Dear Mom and Dad,
I wonder if you felt the same emptiness I did, when you dropped me off at college in the late 1970s. I was standing at the entrance of my dorm at the top of a hill, watching as you drove off in the pickup and camper. I don’t remember tears, but I certainly had an empty heart. As the first in my family to go to college, the novelty was underscored by my choice of California – an exotic place for a visit much less to live. You must have had misgivings starting a few days earlier on our arrival, driving through east Oakland. Dad even said “it’s like mile after mile of Hillyard,” the wrong side of town in Spokane where we lived. Cue the Hillyardite jokes.
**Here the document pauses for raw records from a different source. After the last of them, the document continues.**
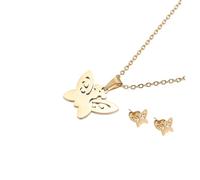 GGYTMQL 1 ensemble de bijoux élégants en forme de papillons, superbe collier et boucles d'oreilles pour femme, cadeau pour mariage, anniversaire, occasions spéciales, design intemporel pour un usage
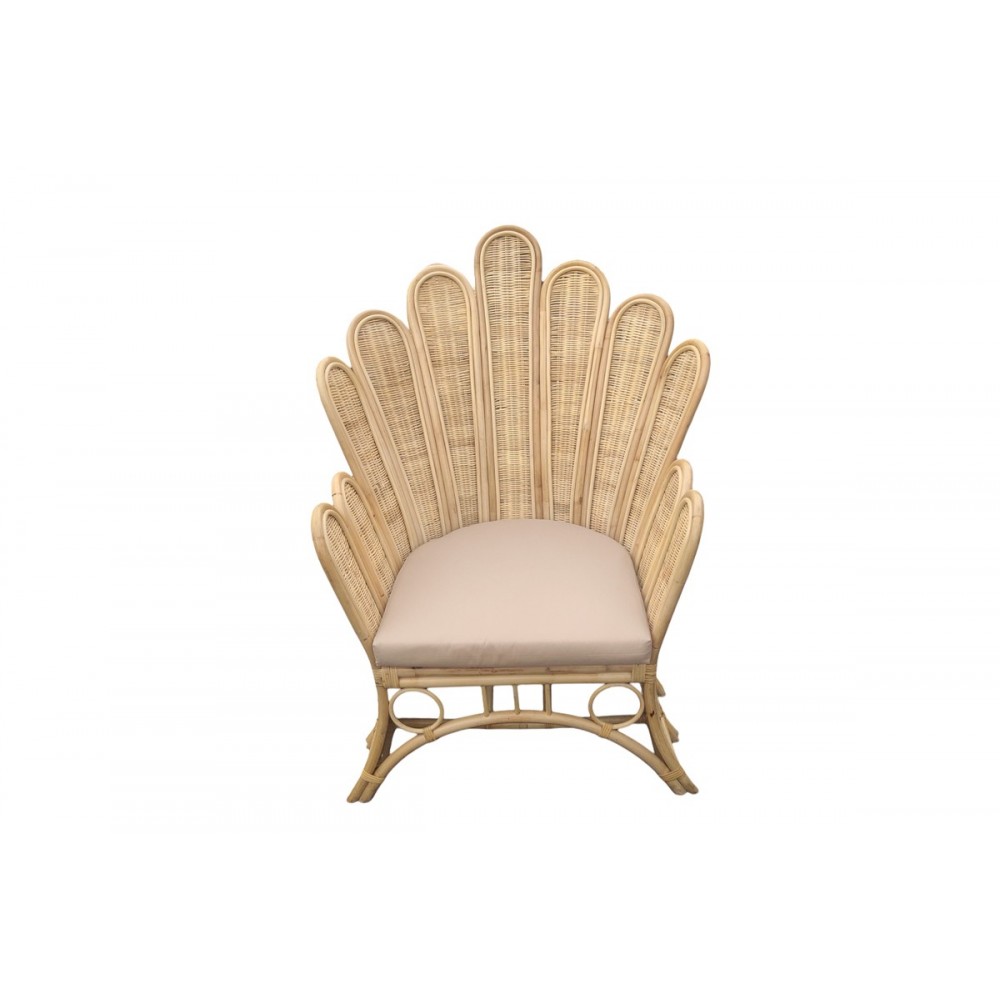 Πολυθρόνα "FRAGIA" από rattan σε φυσικό/μπεζ χρώμα 103x90x120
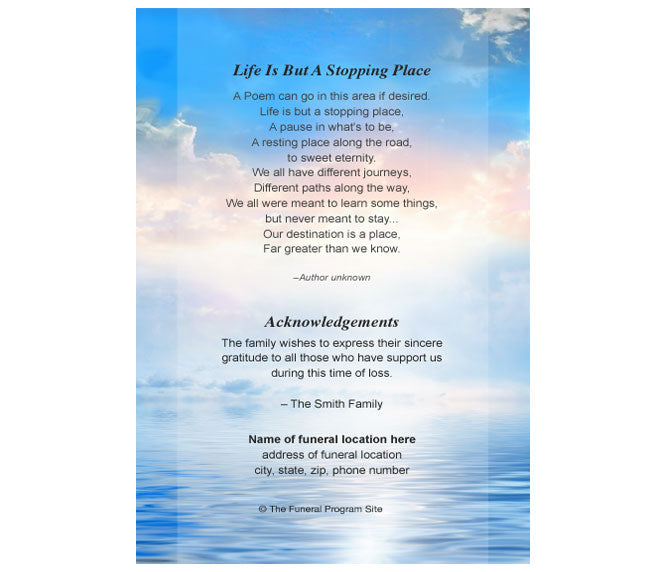 Starlight 4-Sided Graduated Funeral Program Template.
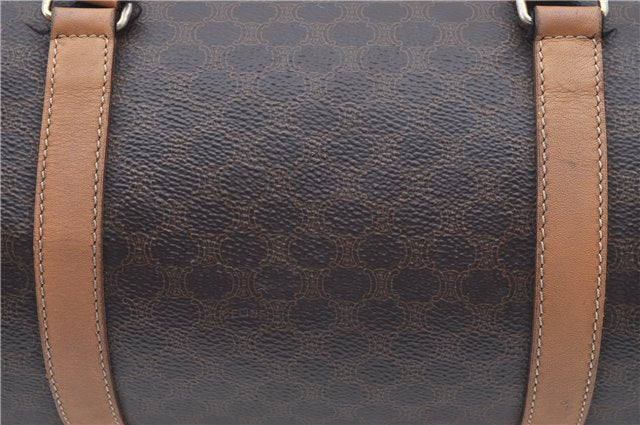 Authentic CELINE Macadam Blason Shoulder Hand Bag Leather Brown Beige J9411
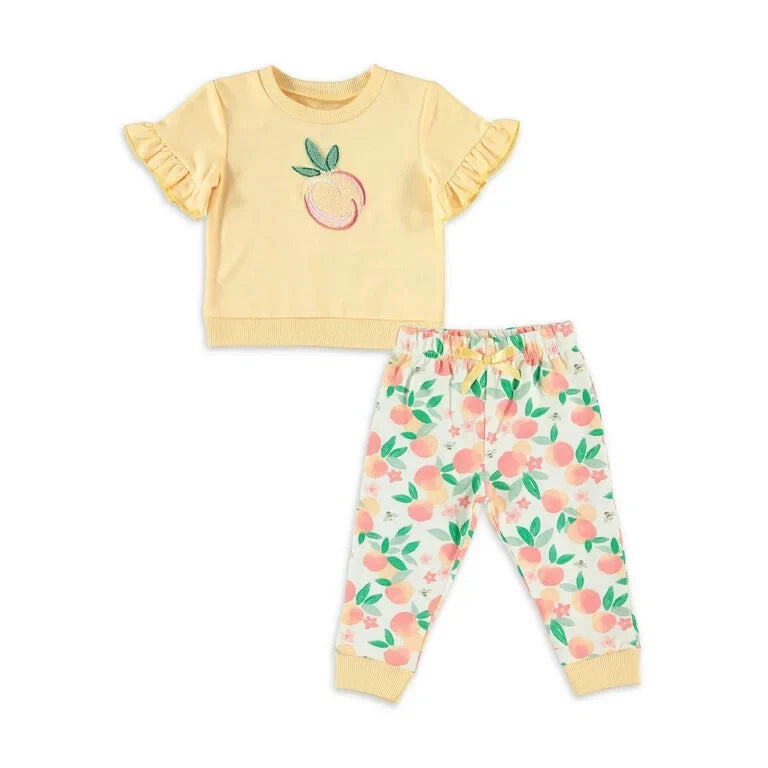 Chick Pea Baby Girl 2 PC French Terry Jogger Set, Size 18 M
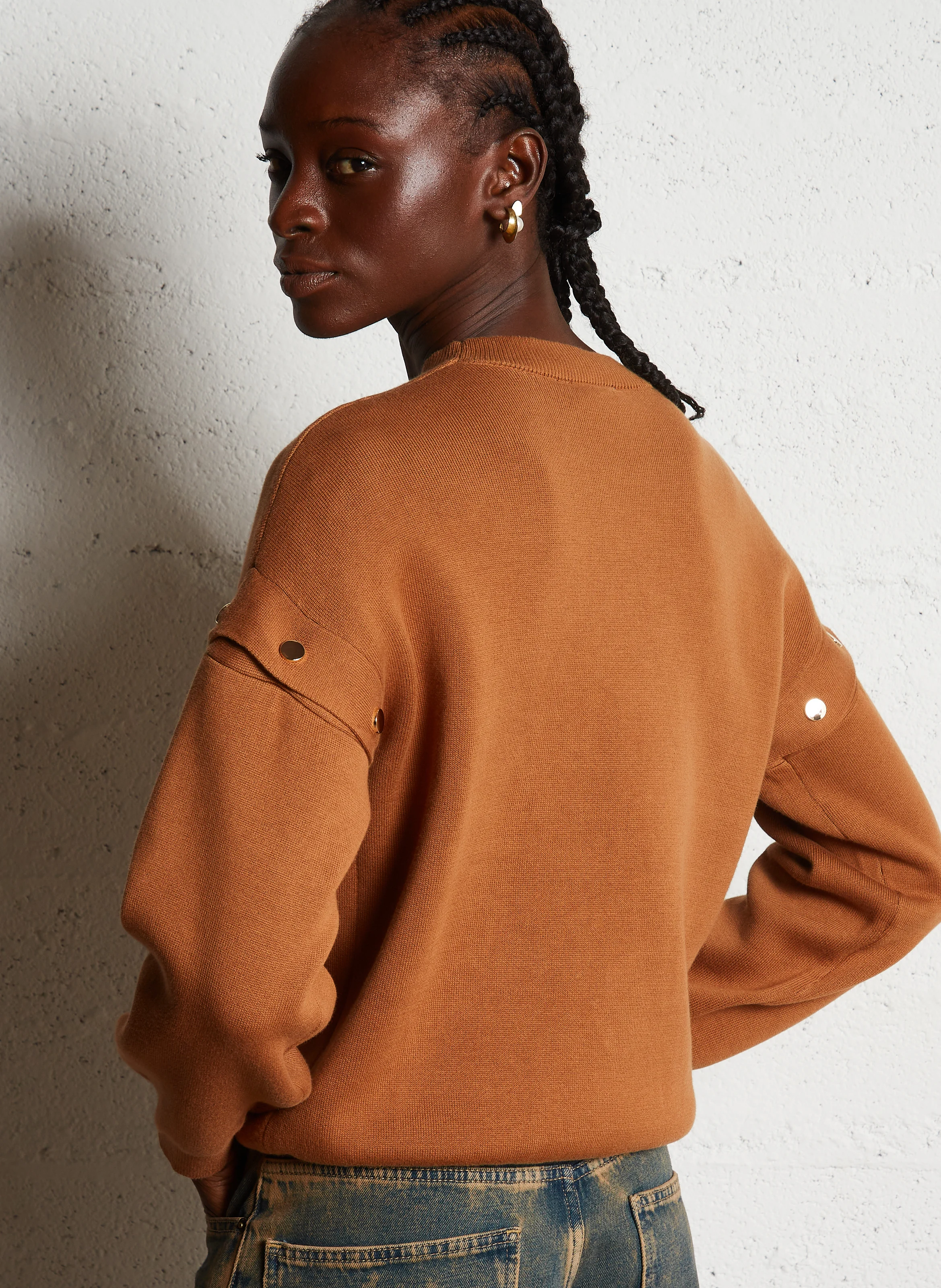 FELICITE - Pull oversize col rond en coton bio | Marron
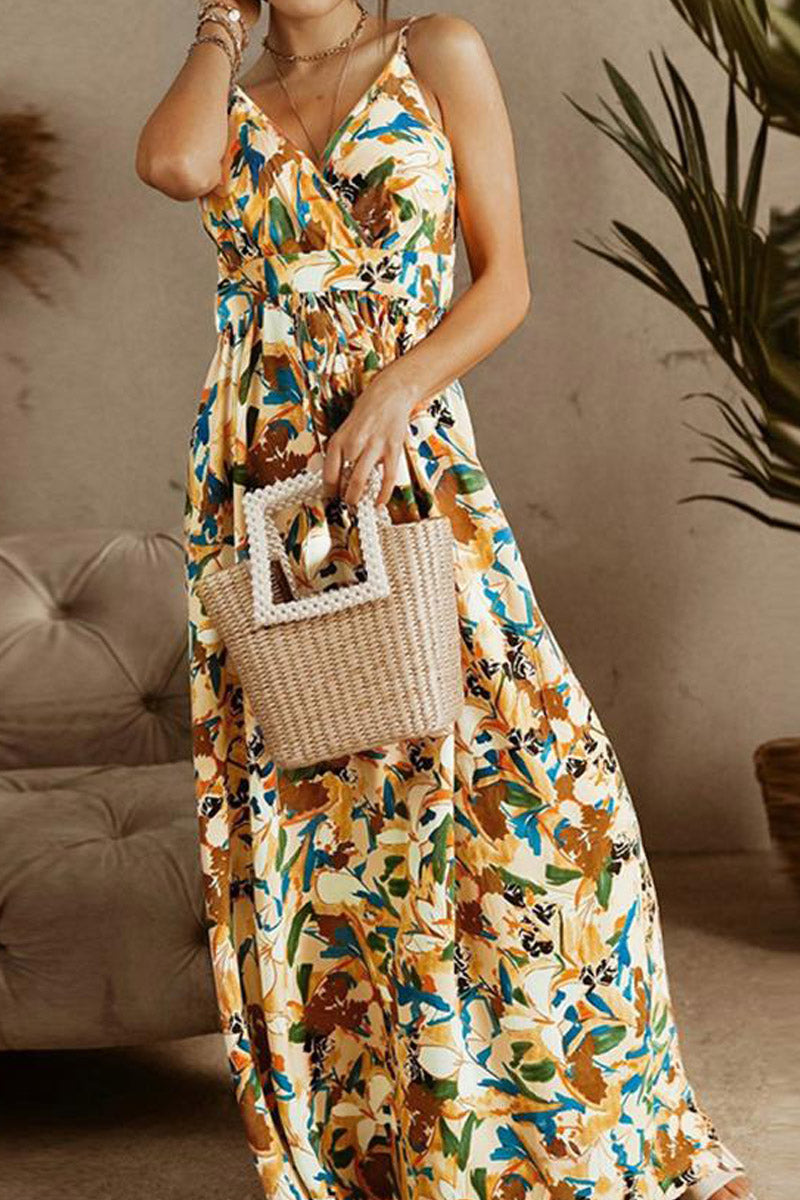 Tropical Leaf Print Spaghetti Strap V-Neck Maxi Dress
Calling home long distance required planning, and was an expense not taken lightly in those days. I’m sure I told you several times when I called with bouts of homesickness that I would probably stick out the first year but then I’d transfer someplace closer to home. Did you encourage me to stay, or to return? I don’t remember. Had we only known. Looking down from that hill, watching your camper disappear around the corner I certainly didn’t foresee that I would never live at home again or than an extraordinary life would unfold for me in California. It has taken a long, long time to appreciate the significance of that first day of college.
Just found this story, which you posted way back in November. It was well written and touching, but at the same time frustrating because it raised so many questions. Of course if I knew you in person, I would probably know the answers to those questions, or at least some of them.
I like the fact that we are left to our own imaginations to complete or fill out the story and our own feelings.